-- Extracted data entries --
==========

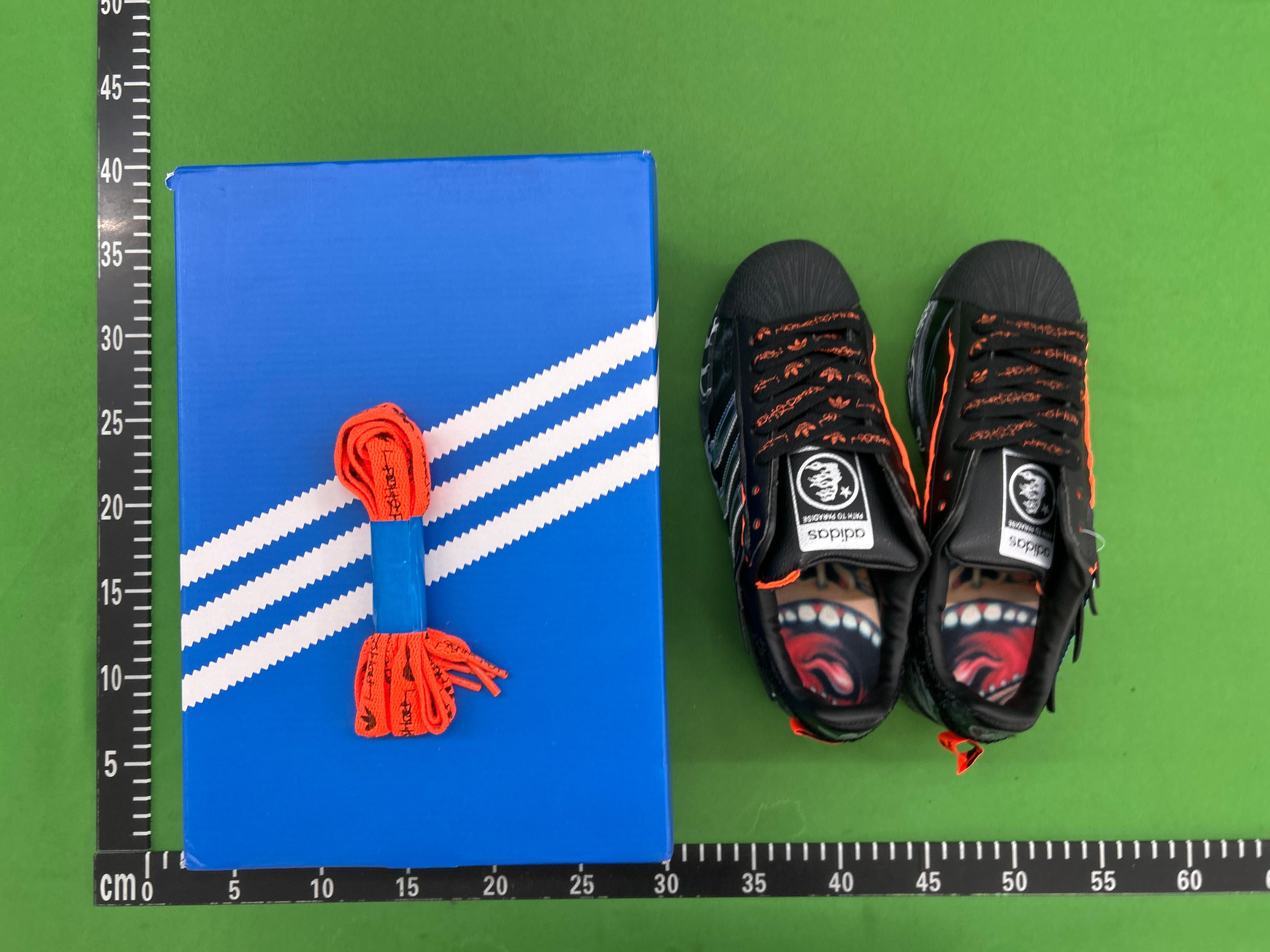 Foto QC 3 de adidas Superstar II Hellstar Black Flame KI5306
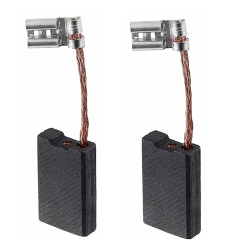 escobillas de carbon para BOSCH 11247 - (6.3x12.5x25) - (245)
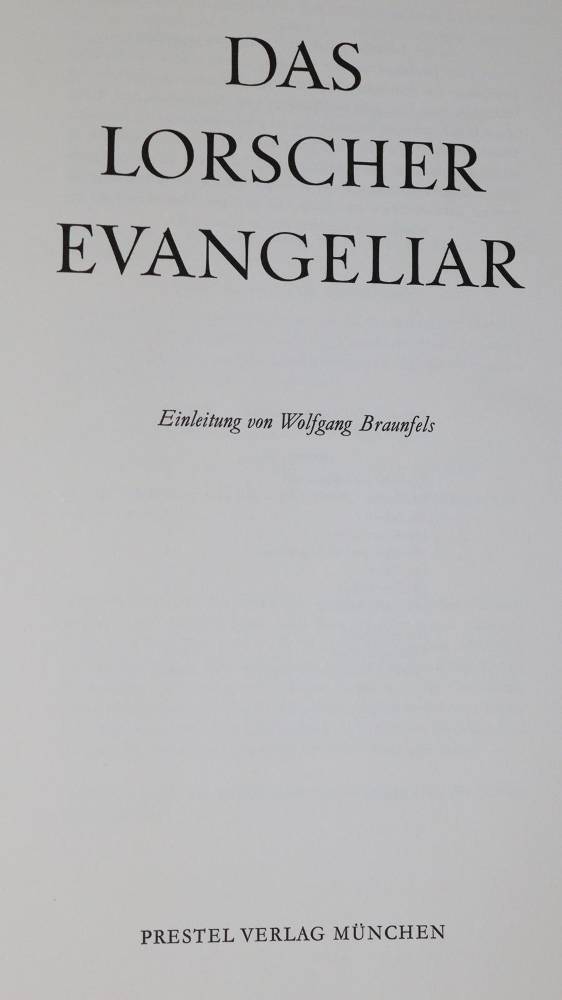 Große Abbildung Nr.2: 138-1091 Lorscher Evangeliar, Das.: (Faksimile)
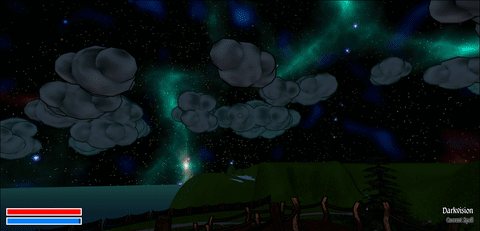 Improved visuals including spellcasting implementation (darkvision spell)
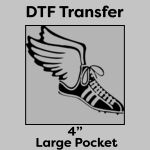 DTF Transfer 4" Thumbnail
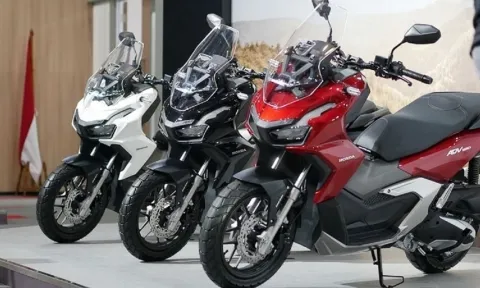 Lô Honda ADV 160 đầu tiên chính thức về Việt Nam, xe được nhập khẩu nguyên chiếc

==========

-- What this task involves --
With the images omitted, output all entries exactly as given.

-- The answer --
 Foto QC 3 de adidas Superstar II Hellstar Black Flame KI5306
 escobillas de carbon para BOSCH 11247 - (6.3x12.5x25) - (245)
 Große Abbildung Nr.2: 138-1091 Lorscher Evangeliar, Das.: (Faksimile)
 Improved visuals including spellcasting implementation (darkvision spell)
 DTF Transfer 4" Thumbnail
 Lô Honda ADV 160 đầu tiên chính thức về Việt Nam, xe được nhập khẩu nguyên chiếc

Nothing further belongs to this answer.